3

The goal I want to achieve is to find a good word_and_phrase embedding model that can do: (1) For the words and phrases that I am interested in, they have embeddings. (2) I can use embeddings to compare similarity between two things(could be word or phrase)

So far I have tried two paths:

1: Some Gensim-loaded pre-trained models, for instance:

from gensim.models.word2vec import Word2Vec
import gensim.downloader as api
# download the model and return as object ready for use
model_glove_twitter = api.load("fasttext-wiki-news-subwords-300")
model_glove_twitter.similarity('computer-science', 'machine-learning')

The problem with this path is that I do not know if a phrase has embedding. For this example, I got this error:

KeyError: "word 'computer-science' not in vocabulary"

I will have to try different pre-trained models, such as word2vec-google-news-300, glove-wiki-gigaword-300, glove-twitter-200, etc. Results are similar, there are always phrases of interests not having embeddings.

  1. Then I tried to use some BERT-based sentence embedding method: https://github.com/UKPLab/sentence-transformers.
from sentence_transformers import SentenceTransformer
model = SentenceTransformer('distilbert-base-nli-mean-tokens')

from scipy.spatial.distance import cosine

def cosine_similarity(embedding_1, embedding_2):
    # Calculate the cosine similarity of the two embeddings.
    sim = 1 - cosine(embedding_1, embedding_2)
    print('Cosine similarity: {:.2}'.format(sim))

phrase_1 = 'baby girl'
phrase_2 = 'annual report'
embedding_1 = model.encode(phrase_1)
embedding_2 = model.encode(phrase_2)
cosine_similarity(embedding_1[0], embedding_2[0])

Using this method I was able to get embeddings for my phrases, but the similarity score was 0.93, which did not seem to be reasonable.

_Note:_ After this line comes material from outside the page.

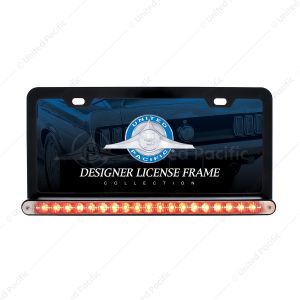 Black License Plate Frame With 19 LED 12" Reflector Light Bar - Red LED/Clear Lens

So what can I try else to achieve the two goals mentioned above?

Trent
  • 53
  • 1
  • 7
  • Why this score is not reasonable ? With tokenization, words will be splitted into sub words which are referenced into embedding, so it will effectively resolve one of you problem. To embed the whole sentence, you may compute an average of each word embedding ? May read this article https://engineering.talkdesk.com/what-are-sentence-embeddings-and-why-are-they-useful-53ed370b3f35 – Alexy Sep 11 '20 at 09:11
  • Because 0.93 should be very similar phrases. I do not see 'baby girl' and 'annual report' are similar – Trent Sep 11 '20 at 09:14
  • How do you assess that 0.93 is not reasonable? Rather than looking at the raw similarity value, I think you should evaluate the embeddings on some end task, either the one you have in mind or using some classificatoin / matching dataset using only the embeddings provided by your embedder – Mathieu Sep 11 '20 at 09:14
  • Similarity comparison is pretty much my end task. Perhaps I should not have considered path 2 a good option? – Trent Sep 11 '20 at 09:17
  • 1
    Then I'd suggest scrapping from the internet many pairs(sentences or words) that should be similar or dissimilar and then check the distributions of the similarity output. Maybe matching pairs are 0.99 similar and 0.93 is actually discriminative – Mathieu Sep 11 '20 at 09:31
  • a note for path 1 : you might want to check if a tokenizer is not provided with your model, computer-science was probably splitted into 2 words rather than 1 – Mathieu Sep 11 '20 at 09:34
  • Why are you using [0] with embeddings when calling the cosine_similarity function? Can you try removing that? You may be just picking one dimension of the embedding vector instead of all the dimensions. – Adnan S Sep 14 '20 at 05:05

1 Answers1

3

The problem with the first path is that you are loading fastText embeddings like word2vec embeddings and word2vec can't cope with Out Of Vocabulary words.

The good thing is that fastText can manage OOV words. You can use Facebook original implementation (pip install fasttext) or Gensim implementation.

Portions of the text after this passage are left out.